_TASK DIRECTIONS_
Among the records below, find the lines that contain "Chapter" and copy each of them.

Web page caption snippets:

Content starts

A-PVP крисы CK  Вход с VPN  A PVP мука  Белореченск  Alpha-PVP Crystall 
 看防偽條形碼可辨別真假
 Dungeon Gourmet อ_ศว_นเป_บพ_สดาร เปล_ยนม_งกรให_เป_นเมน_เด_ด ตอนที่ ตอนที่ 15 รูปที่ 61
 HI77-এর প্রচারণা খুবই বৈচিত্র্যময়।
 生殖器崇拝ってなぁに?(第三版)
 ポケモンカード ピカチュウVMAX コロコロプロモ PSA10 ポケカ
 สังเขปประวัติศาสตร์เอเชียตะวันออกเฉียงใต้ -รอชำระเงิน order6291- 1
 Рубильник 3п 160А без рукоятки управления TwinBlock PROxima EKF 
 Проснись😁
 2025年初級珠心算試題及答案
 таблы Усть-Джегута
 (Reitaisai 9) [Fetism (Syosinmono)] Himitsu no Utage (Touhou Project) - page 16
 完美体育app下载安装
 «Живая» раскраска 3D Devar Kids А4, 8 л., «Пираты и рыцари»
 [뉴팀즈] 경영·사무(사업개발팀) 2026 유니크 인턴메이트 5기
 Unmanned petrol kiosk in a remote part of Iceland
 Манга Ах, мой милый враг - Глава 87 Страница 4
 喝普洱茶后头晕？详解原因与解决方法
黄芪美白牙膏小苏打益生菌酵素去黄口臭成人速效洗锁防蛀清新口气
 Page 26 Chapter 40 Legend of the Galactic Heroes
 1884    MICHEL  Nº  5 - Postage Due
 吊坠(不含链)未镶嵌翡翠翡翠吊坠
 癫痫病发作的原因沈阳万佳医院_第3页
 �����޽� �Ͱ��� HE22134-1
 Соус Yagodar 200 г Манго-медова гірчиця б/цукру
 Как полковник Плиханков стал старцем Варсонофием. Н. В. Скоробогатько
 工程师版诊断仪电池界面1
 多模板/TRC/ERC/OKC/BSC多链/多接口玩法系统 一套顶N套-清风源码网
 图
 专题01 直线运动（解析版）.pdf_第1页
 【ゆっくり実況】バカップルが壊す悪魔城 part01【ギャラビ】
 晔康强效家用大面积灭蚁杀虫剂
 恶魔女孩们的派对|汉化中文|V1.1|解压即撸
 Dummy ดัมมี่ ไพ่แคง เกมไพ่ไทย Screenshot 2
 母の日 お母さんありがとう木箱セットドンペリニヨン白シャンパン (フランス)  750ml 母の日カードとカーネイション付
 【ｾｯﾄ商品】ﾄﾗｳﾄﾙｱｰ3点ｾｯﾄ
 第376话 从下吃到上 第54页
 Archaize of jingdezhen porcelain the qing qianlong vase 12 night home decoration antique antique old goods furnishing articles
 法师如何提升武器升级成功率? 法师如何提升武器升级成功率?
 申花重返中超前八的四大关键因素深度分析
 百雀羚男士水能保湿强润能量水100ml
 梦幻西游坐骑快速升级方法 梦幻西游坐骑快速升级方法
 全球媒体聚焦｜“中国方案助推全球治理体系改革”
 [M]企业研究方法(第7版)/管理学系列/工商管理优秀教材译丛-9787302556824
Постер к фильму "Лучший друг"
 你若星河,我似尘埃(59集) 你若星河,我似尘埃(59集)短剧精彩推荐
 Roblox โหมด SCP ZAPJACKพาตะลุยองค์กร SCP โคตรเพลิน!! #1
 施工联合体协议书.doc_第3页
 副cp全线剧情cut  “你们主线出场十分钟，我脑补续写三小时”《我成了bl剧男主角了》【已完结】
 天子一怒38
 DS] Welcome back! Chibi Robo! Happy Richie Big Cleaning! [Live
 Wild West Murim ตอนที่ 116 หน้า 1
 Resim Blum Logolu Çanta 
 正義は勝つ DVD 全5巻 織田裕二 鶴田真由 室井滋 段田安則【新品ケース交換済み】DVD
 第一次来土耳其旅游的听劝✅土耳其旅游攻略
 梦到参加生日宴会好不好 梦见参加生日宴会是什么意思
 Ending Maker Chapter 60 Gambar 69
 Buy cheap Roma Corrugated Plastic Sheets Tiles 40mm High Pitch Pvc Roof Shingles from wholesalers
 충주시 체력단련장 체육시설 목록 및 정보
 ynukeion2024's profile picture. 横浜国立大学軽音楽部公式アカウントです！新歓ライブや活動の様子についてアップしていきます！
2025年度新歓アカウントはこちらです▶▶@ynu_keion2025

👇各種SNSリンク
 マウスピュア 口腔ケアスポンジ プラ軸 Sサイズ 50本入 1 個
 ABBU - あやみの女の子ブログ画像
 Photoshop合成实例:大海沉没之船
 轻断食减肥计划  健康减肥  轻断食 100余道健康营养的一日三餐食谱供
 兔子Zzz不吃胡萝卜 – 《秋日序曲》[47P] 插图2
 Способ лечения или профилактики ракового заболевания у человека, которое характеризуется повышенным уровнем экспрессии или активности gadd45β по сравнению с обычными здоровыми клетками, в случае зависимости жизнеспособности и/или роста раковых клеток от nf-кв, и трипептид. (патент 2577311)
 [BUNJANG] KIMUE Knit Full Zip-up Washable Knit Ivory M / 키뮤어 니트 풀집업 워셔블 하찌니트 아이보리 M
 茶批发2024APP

Content ends

_ANSWER SECTION_
 Page 26 Chapter 40 Legend of the Galactic Heroes
 Ending Maker Chapter 60 Gambar 69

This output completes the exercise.